湯朱蒂的態度這麼猖狂,張麻子正想教訓一下她,突然看到了站在一旁的許正陽。
許正陽這個傢伙還真是當保鏢的料,他一直就跟在湯朱蒂與童可人的身旁,可是卻透明地讓人直接忽視有這麼一個人存在。
“大媽,你誤會了,我看的是你身後的美女。”
張麻子伸手指向湯朱蒂與童可人身後的海棠。
‘大媽?’
湯朱蒂頓時臉色鐵青無比,她比李二大了好多歲,這是最讓她耿耿於懷的事,張麻子一下子就戳中了她的痛點。

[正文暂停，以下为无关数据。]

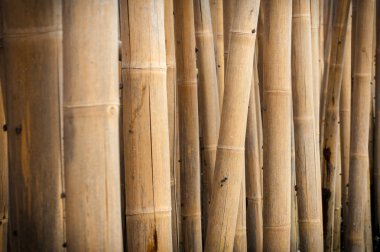 Bambu bariyer için korumak plaj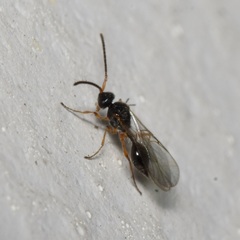 Aclista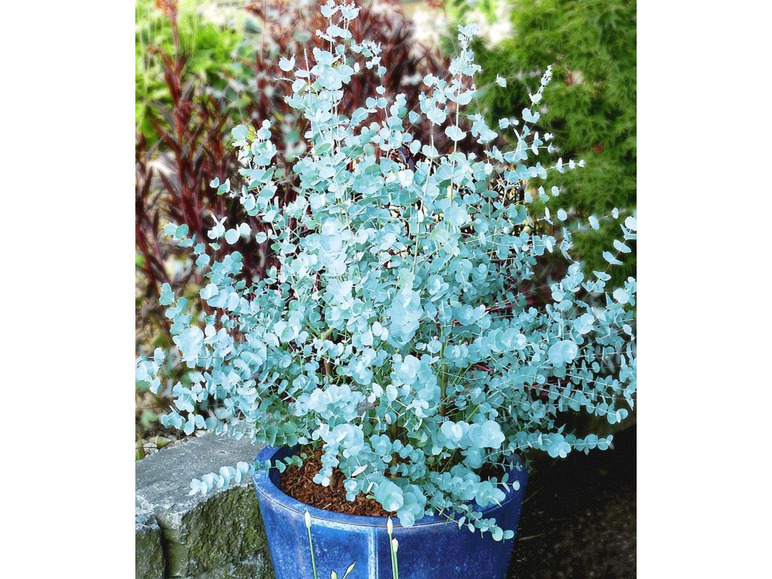 Gehe zu Vollbildansicht: Winterharter Eukalyptus & Winterharte Passionsblume, 2 Pflanzen - Bild 2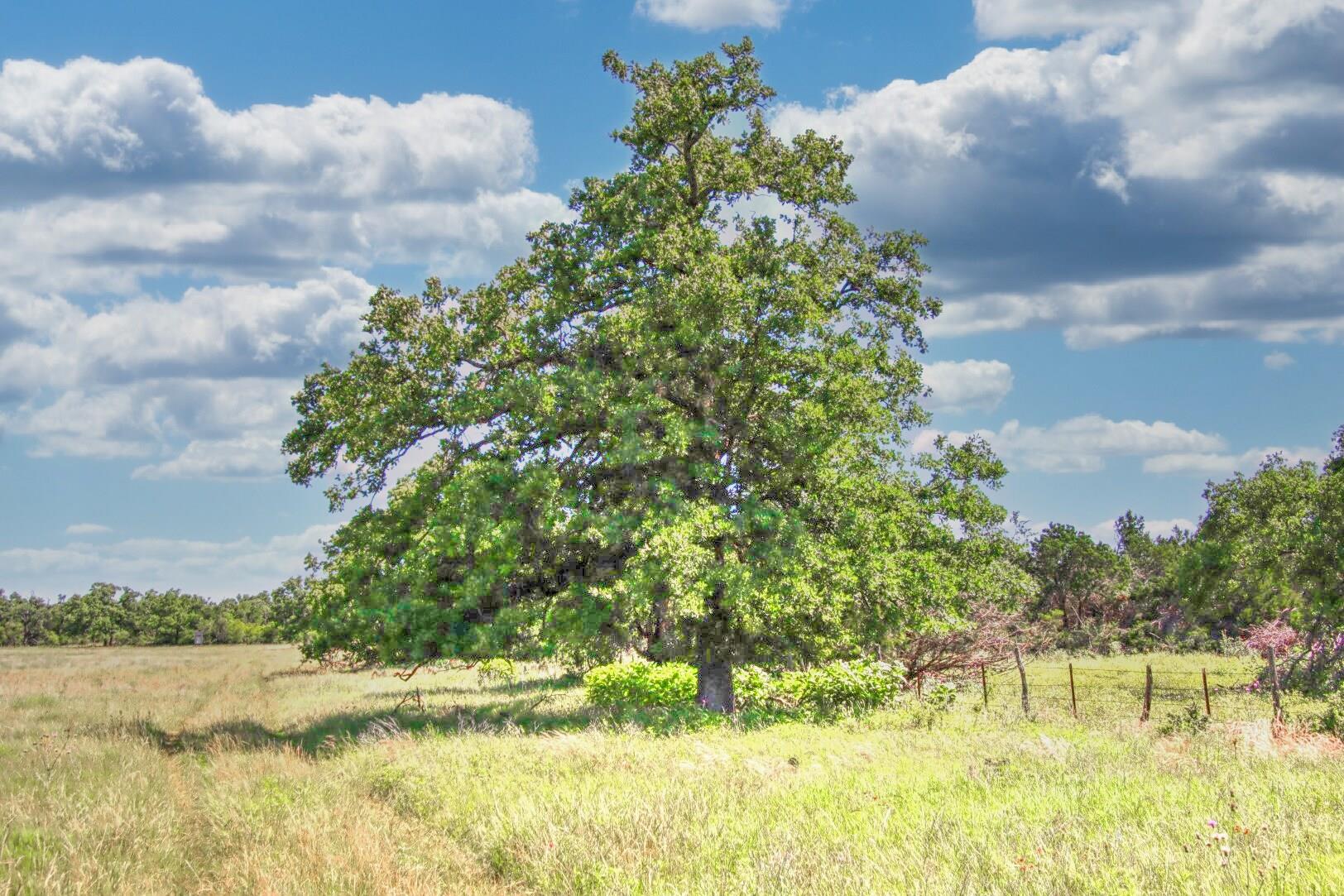 Lot 4 Rm 1323 Willow City TX 78675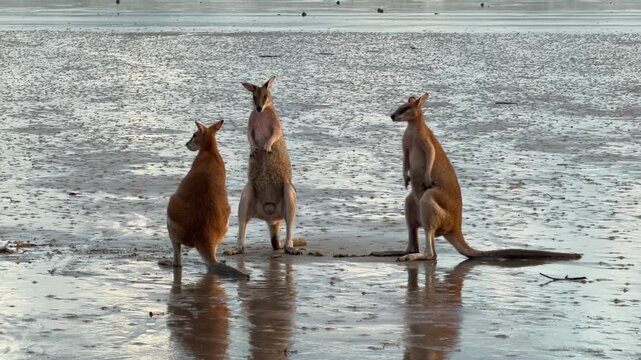 Two young male kangaroos engage in playful sparring on a sandy beach as a young female approaches and attempts to interrupt the interaction.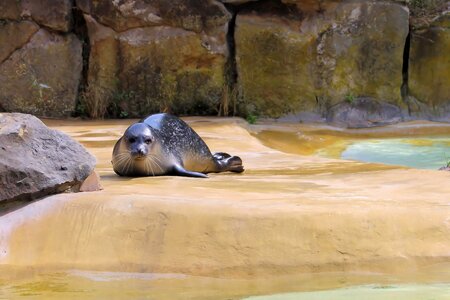 Animal world zoo berlin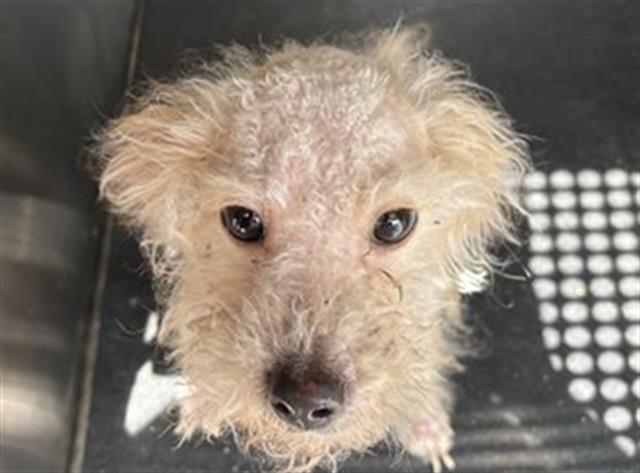 adoptable Dog in Grand Prairie, TX named STROODLE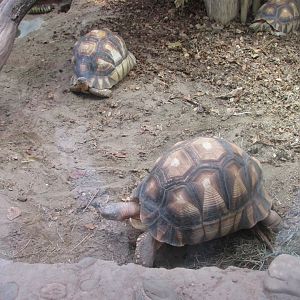 ploughshore tortoises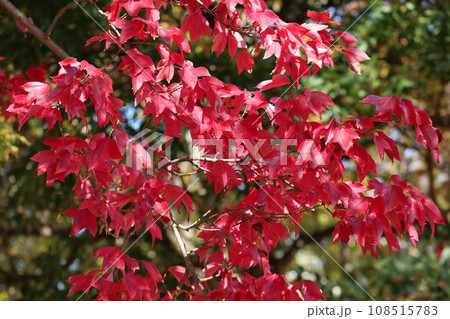 山口姫山の麓の紅葉 山口姫山の麓の紅葉 108515783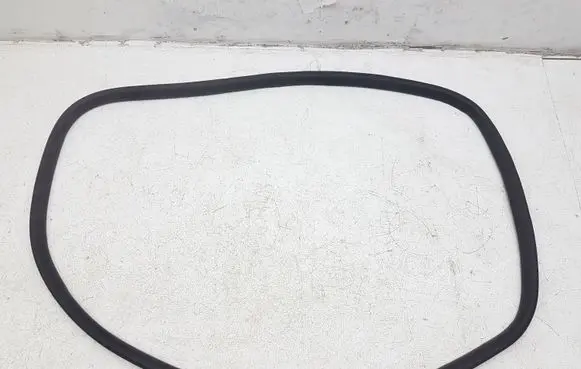 Ford Escape IV Rear door rubber seal (on body) 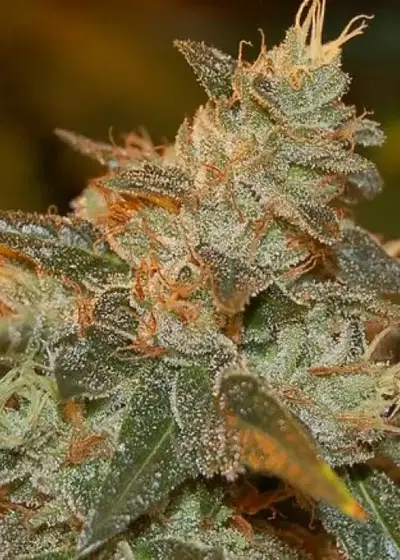 Cataract Kush by DNA Genetics, Photoperiod cannabis strain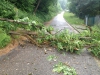27. Juni 2013 – Baum über Fahrbahn, Otterberg Schloßberg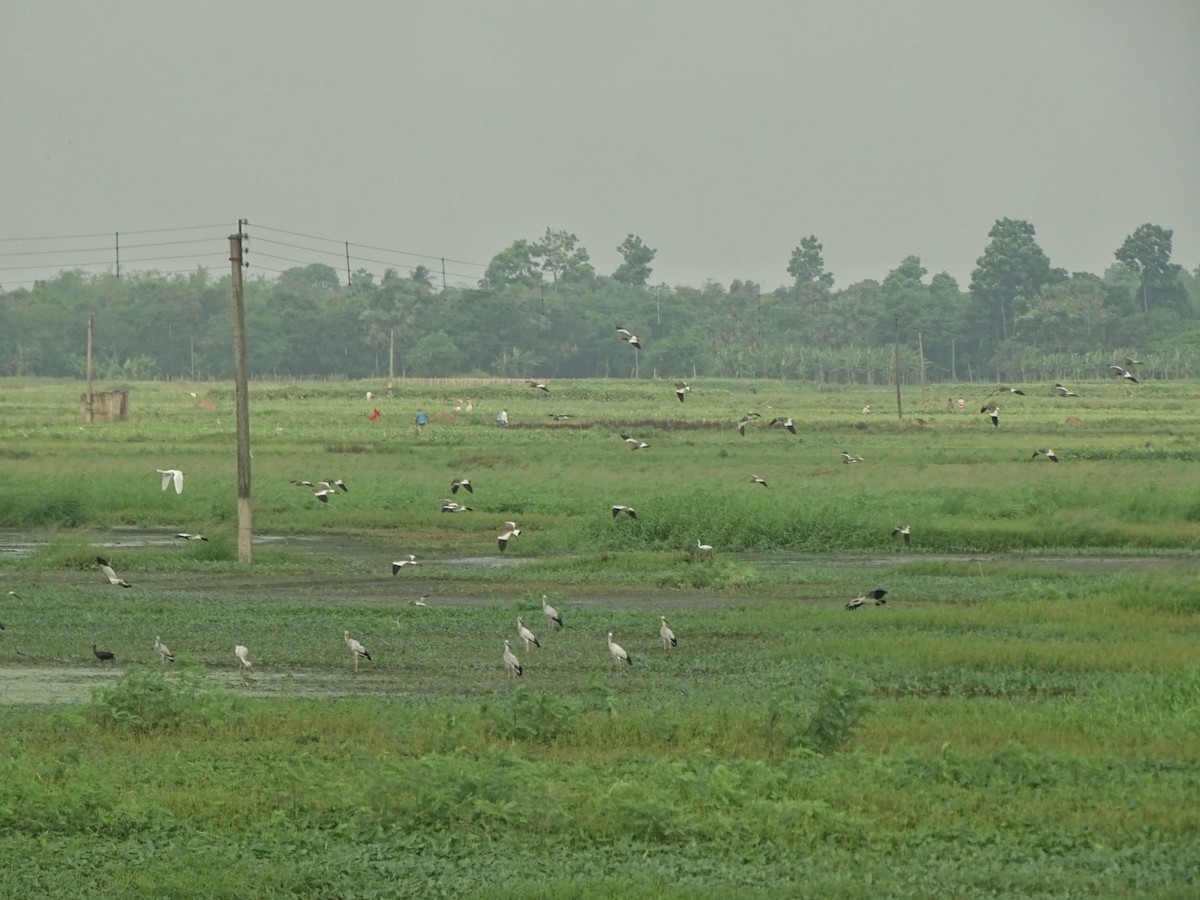 Gray-headed Lapwing - ML437355081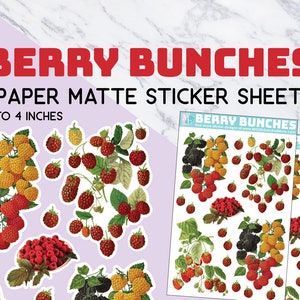 Berry bunches sticker sheets, paper matte stickers, vineyard, fruits, vintage, clipart, sticker sheet, fancy, raspberries, blackberries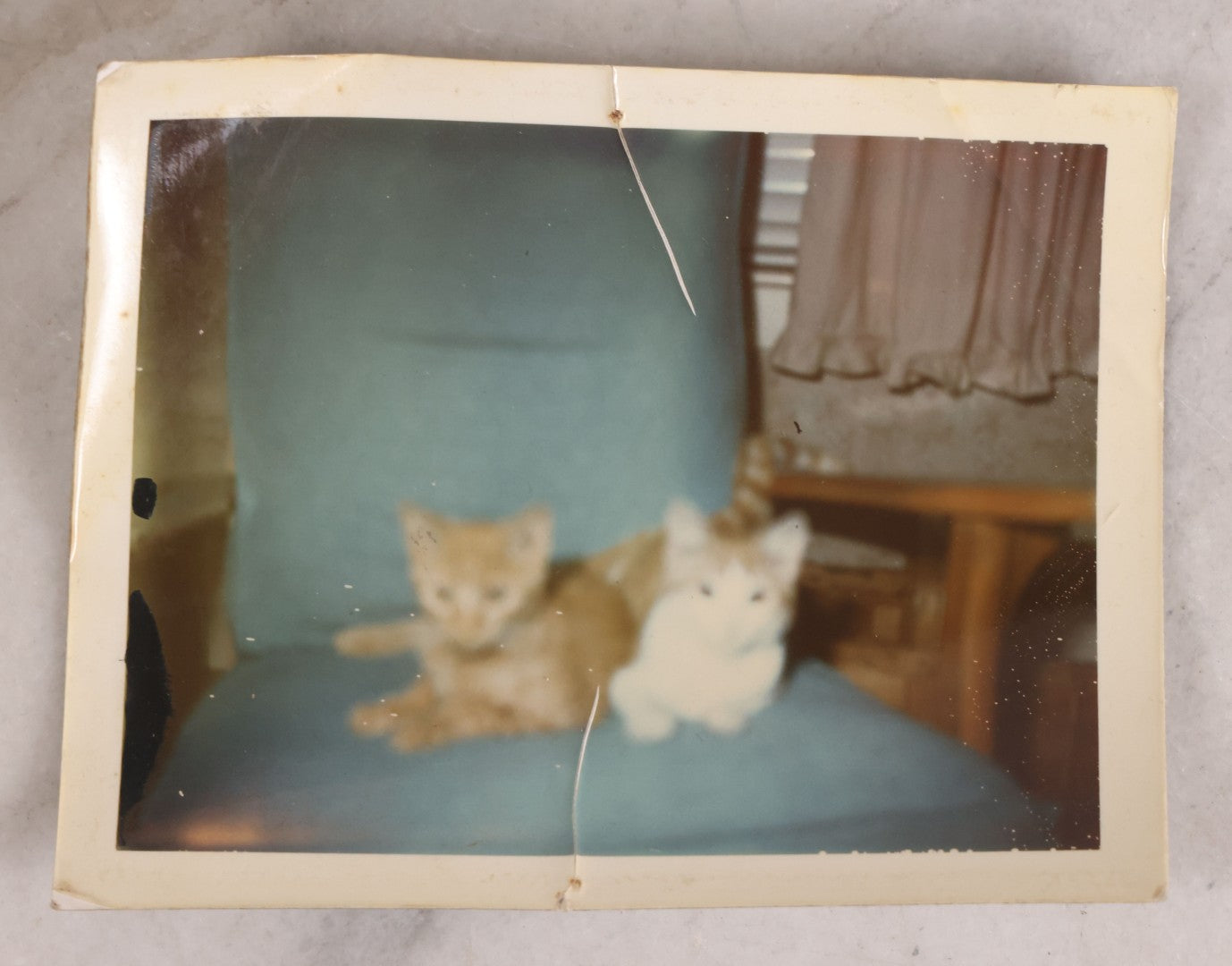 Lot 187 - Grouping Of 13 Pieces Miscellaneous Antique And Vintage Cat Ephemera Including Postcards, Mounted Photographs, And Snapshots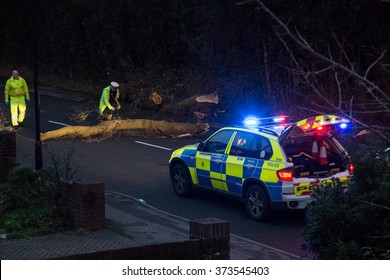 SOUTHAMPTON, ENGLAND - February 8 2015: Following Storm Imogen, Emergency Services Help To Remove A Fallen Tree From The Road,  On The Edge Of The Common, Southampton, UK.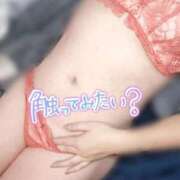 ヒメ日記 2025/08/24 10:05 投稿 さくら 福岡飯塚田川ちゃんこ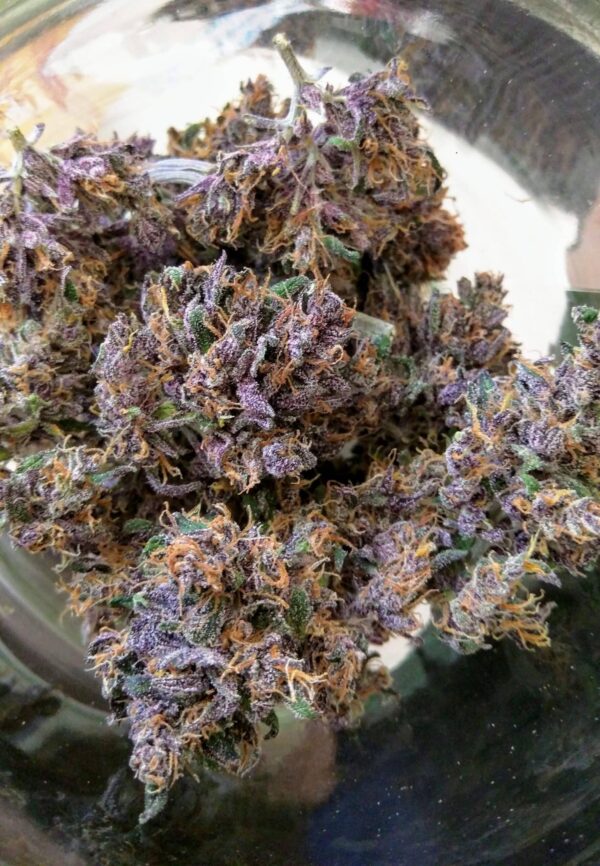 Dark Devil Strain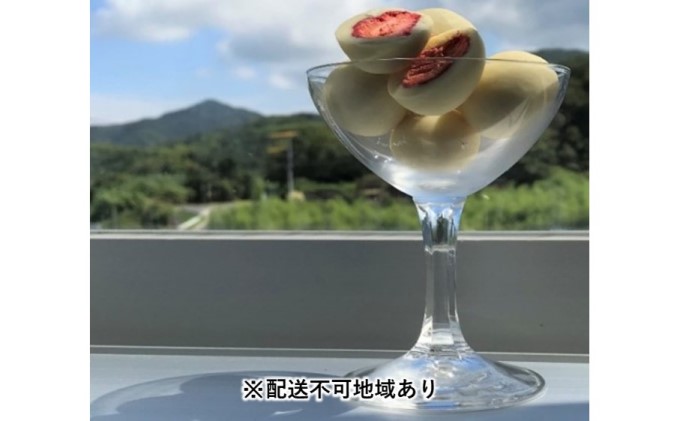 フリーズドライいちごホワイトチョコレート（3kg）【配送不可：北海道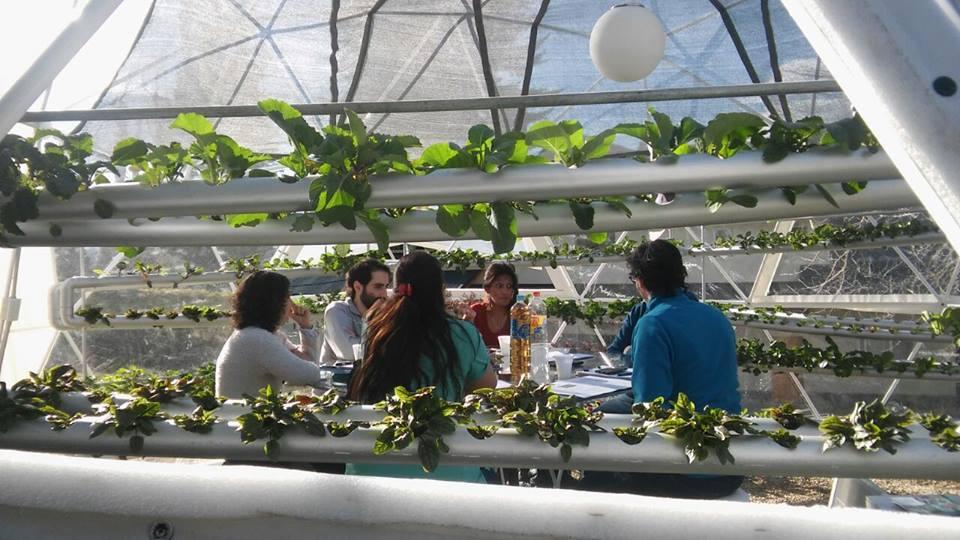 Características generales de las plantas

“許正陽,把他給我扔下船去。”湯朱蒂怒極反笑地哼叫道。
得益於張麻子的勤儉節約,湯朱蒂一眼就看穿對方的衣服是街邊貨,這種人厲害都有限。
李毅家給許正陽開的待遇太好,許正陽立刻就一式標準的擒拿手抓向張麻子。
“呃——!”
雖然場合不對,但是張麻子確實也有意測一下許正陽的身手,他不閃不避,任由許正陽成功地抓住自己的肩膀。
“倒——!”
許正陽按住張麻子的一隻手臂後,立刻就要把對方放倒。
張麻子這時才突然出手,反手握住了許正陽的手腕用力一捏。
“呃——!”
許正陽悶哼一聲,心裡瞬間警惕起來。
這個麻子臉的傢伙力氣好大,而且他速度好快,自己都還沒看清楚他抬手,手腕就已經被對方給抓住了。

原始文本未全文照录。